Ahatallah was never heard from again in India, and rumours soon spread that Archbishop Garcia had disposed of him before he ever reached Goa.[39] Contemporary accounts allege that he was drowned in Cochin harbour, or even that the Portuguese burned him at the stake.[39][40] In reality, it appears that Ahatallah did in fact reach Goa, from whence he was sent on to Europe, but he evidently died in Paris before reaching Rome where his case was to be heard.[39] In any event, Garcia's dismissiveness towards the Saint Thomas Christians' appeals only embittered the community further.[39]

This was the last straw for the Saint Thomas Christians, and in 1653, Thomas and representatives of the community met at the Church of Our Lady in Mattancherry to take bold action. In a great ceremony before a crucifix and lighted candles, they swore a solemn oath that they would never obey Garcia or the Portuguese again, and that they accepted only the Archdeacon as their shepherd.[39] The Malankara Church and all its successor churches regard this declaration, known as the Coonan Cross Oath (Malayalam: കൂനൻ കുരിശു സത്യം).[39]

Later development

 
Thoma III, 3rd Malankara Metropolitan

The oppressive rule of the Portuguese padroado provoked a violent reaction on the part of the indigenous Christian community. The first solemn protest took place in 1653, known as the Coonan Kurishu Satyam (Coonan Cross Oath). Under the leadership of Archdeacon Thoma, the St. Thomas Christians publicly took an oath in Mattancherry, Cochin, that they would not obey the Portuguese Catholic bishops and the Jesuit missionaries. Unfortunately there was no Metropolitan present in the Malankara Church at that time. Hence in the same year, at Alangad, Archdeacon Thoma was ordained, by the laying on of hands of twelve priests, as the first known indigenous Metropolitan of Kerala, under the name Thoma I. The Portuguese missionaries attempted for reconciliation with Saint Thomas Christians but was not successful. Later Pope Alexander VII sent the Syrian bishop Joseph Sebastiani at the head of a Carmelite delegation who succeeded in convincing majority of Saint Thomas Christians, including Palliveettil Chandy Kathanar and Kadavil Chandy Kathanar. The Catholic faction constantly challenged the legitimacy of the consecration of Archdeacon as Metropolitan by priests. The faction that was led by Palliveettil Chandy, cousin of Thoma I, who was consecrated as a bishop in 1663 by Carmelite missionaries of the Catholic Church. He was supported by other prominent Saint Thomas Christian leaders including Kadavil Chandy Kathanar and Vengūr Givargis Kathanar. This made it essential to rectify the illegitimacy of the consecration of Archdeacon as Metropolitan. Episcopal consecration of Thoma I as a Bishop was regularized in 1665 by Gregorios Abdal Jaleel Jerusalem Bishop of Syriac Orthodox Church. This led to the first permanent split in the Saint Thomas Christian community. Thereafter, the faction affiliated with the Catholic Church under Parambil Mar Chandy was designated the Pazhayakoottukar, or "Old Allegiance", while the branch affiliated with Mar Thoma was called the Puthenkoottukar, or "New Allegiance".[5][6][7][8] These appellations have been somewhat controversial, as both groups considered themselves the true heirs to the Saint Thomas tradition.

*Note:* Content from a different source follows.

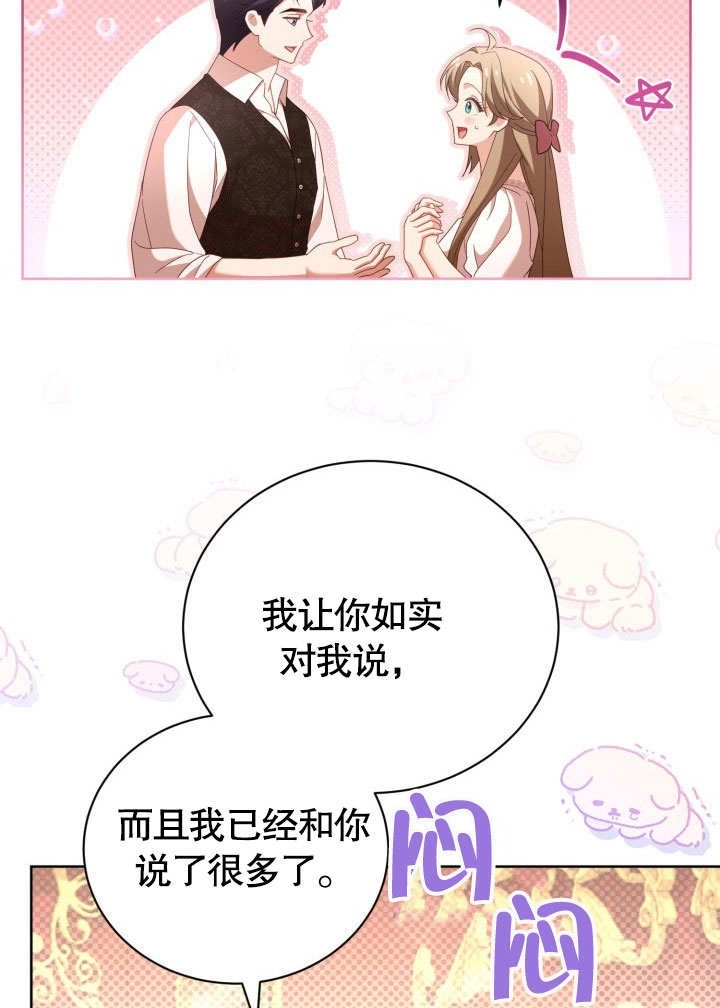 《和反派的育儿日记》第47话 第38页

Thoma I with 32 churches (out of 116 total churches) and their congregations were the body from which the Malankara Syrian Puthenkūr Churches originated. In 1665, Gregorios Abdul Jaleel, a Bishop sent by the Syriac Orthodox Patriarch of Antioch, arrived in India, and the Saint Thomas Christians under the leadership of the Archdeacon welcomed him.[41][42] The Gregorios Abdal Jaleel regularised the consecration of Archdeacon as Metropolitan of the Syriac Orthodox Church as per the apostolic standards of Kaiveppu (traditional legitimate way of laying hands by a valid Bishop). The 18th century saw the gradual introduction of West Syriac liturgy and script to the Malabar Coast, a process that continued through the 19th century.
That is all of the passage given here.